*MATERIAL SHOWN*.
##############################
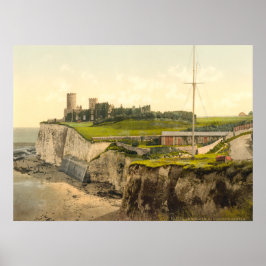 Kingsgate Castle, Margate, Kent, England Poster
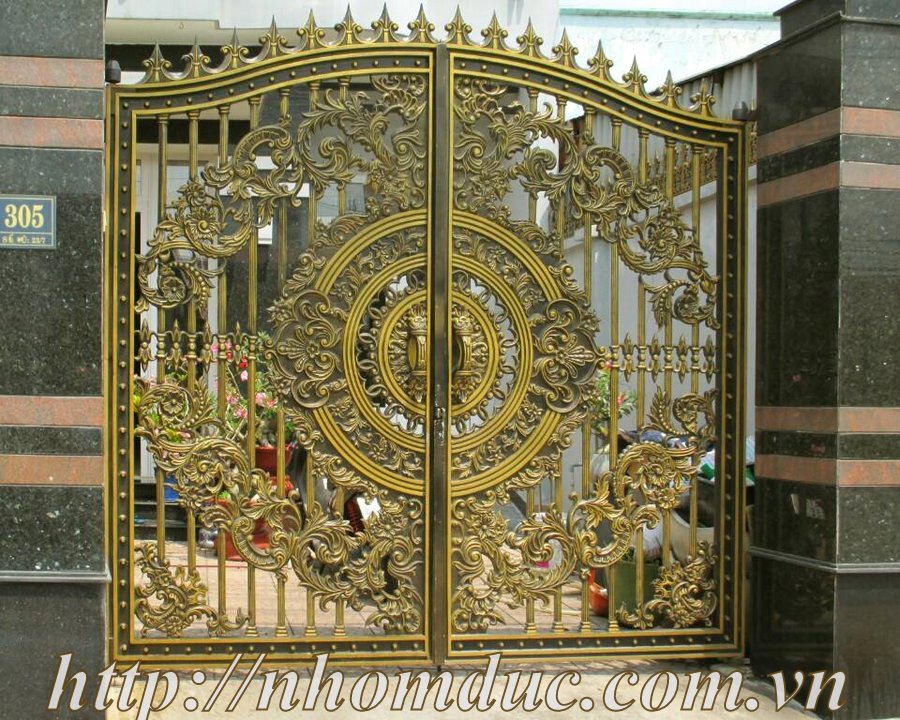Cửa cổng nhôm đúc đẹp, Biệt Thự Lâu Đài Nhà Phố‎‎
##############################
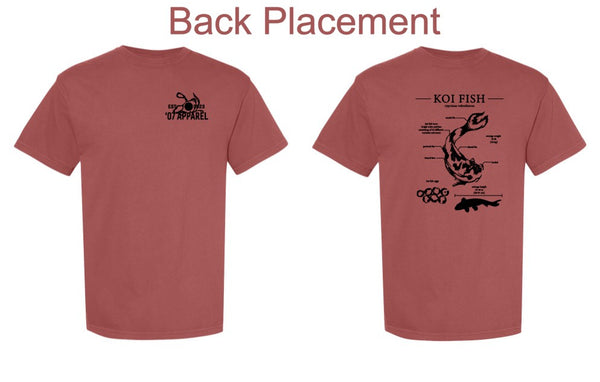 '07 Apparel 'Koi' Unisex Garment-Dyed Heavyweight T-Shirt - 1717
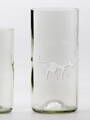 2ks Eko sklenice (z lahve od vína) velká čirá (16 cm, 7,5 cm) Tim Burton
##############################
*PROBLEM DETAILS*. Using the entries above, repeat exactly the lines from the one with "T-Shirt - 1717" to the one with "2ks Eko sklenice", both included, and leave the pictures behind.

*TASK SOLUTION*.
 '07 Apparel 'Koi' Unisex Garment-Dyed Heavyweight T-Shirt - 1717
 2ks Eko sklenice (z lahve od vína) velká čirá (16 cm, 7,5 cm) Tim Burton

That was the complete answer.